Humans are unreliable, but we are also under normal circumstances thoroughly and...

Humans are unreliable, but we are also under normal circumstances thoroughly and continually grounded in an external world whose mechanics we interact with, make predictions about, and correct our beliefs about.

The specific way we're training coding assistants for next-token-prediction would also be an incredibly difficult context for humans to produce code.
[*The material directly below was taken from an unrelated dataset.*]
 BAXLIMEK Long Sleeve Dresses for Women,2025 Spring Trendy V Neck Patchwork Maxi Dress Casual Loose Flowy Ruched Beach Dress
Suppose you were dropped off in an society of aliens whose perceptual, cultural and cognitive universe is meaningfully different from our own; you don't have a grounding in concepts of what they're trying to _do_ with their programs. You receive a giant dump of reams and reams of source code, in their unfamiliar script, where none of the names initially mean anything to you. In the pile of training material handed to you, you might find some documentation about their programming language, but it's written in their (foreign, weird to you) natural language, and is mixed with everythign else. You never get a teacher who can answer questions, never get access to a IDE/repl/interpreter/debugger/compiler, never get to _run_ a program on different inputs to see its outputs, never get to add a log line to peek at the program's internal state, etc. After a _lot_ of training, you can often predict the next symbol in a program text. But shouldn't we _expect_ you to be "unreliable"? You don't have the ability to run checks against the code you produce! You don't get a warning if you use a variable that doesn't exist! You just produce _tokens_, and get no feedback.
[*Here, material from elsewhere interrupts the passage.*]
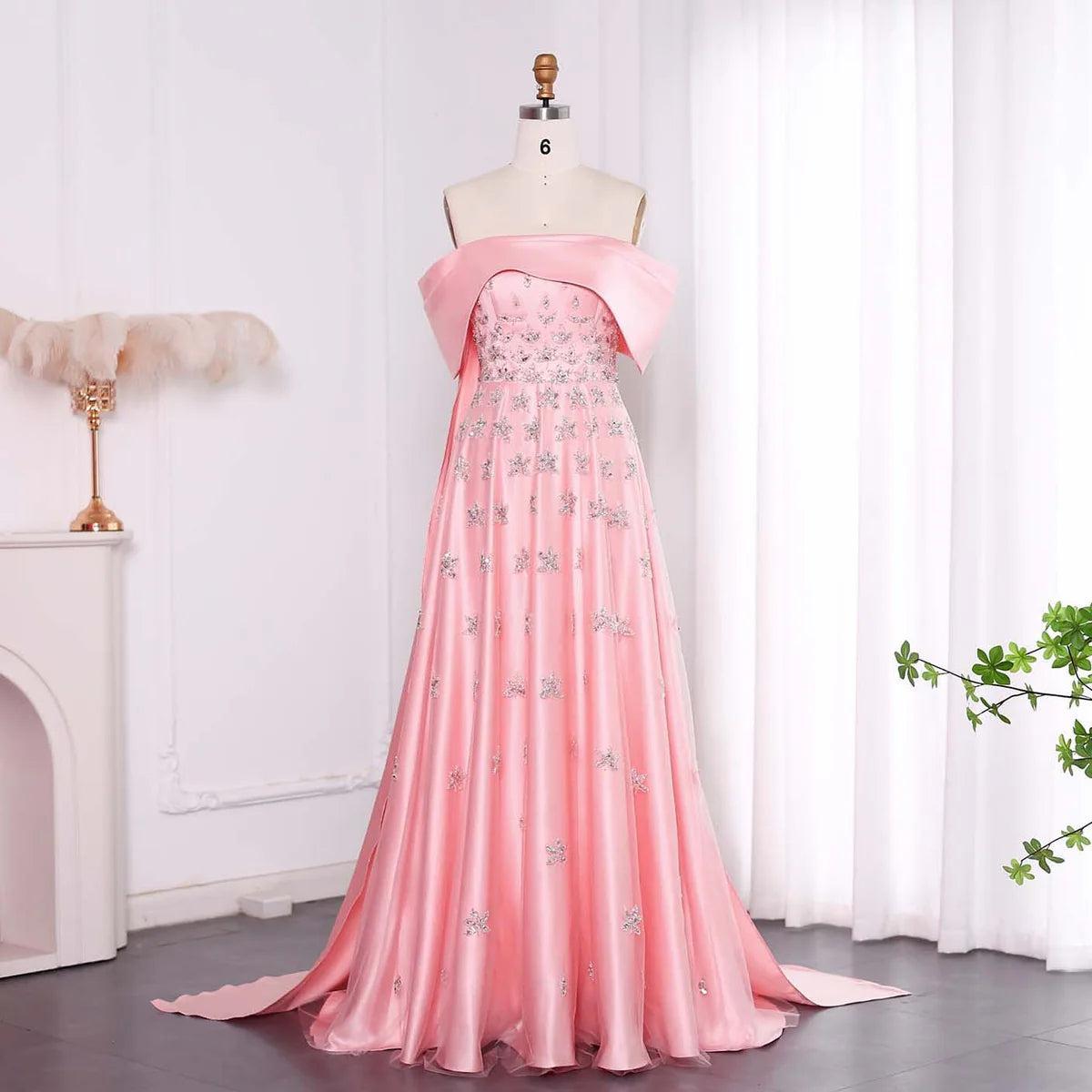Arabic Yellow Satin Luxury Dubai Evening Dress with Cape 2024 Elegant Off Shoulder Women Wedding Party Gowns SS455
To the degree humans are reliable at coding, it's because we can simulate what program execution will do, with a level of abstraction which we vary in a task dependent way. You can mentally step through every line in a program carefully if you need to. But you can also mentally choose to trust some abstraction and skip steps which you infer cannot be related to some attribute or condition of interest if that abstraction is upheld. The most important parts of your attention are on _what the program does_. This is fully hidden in the next-token-prediction scenario, which is totally focused on _what tokens are used to write the program_.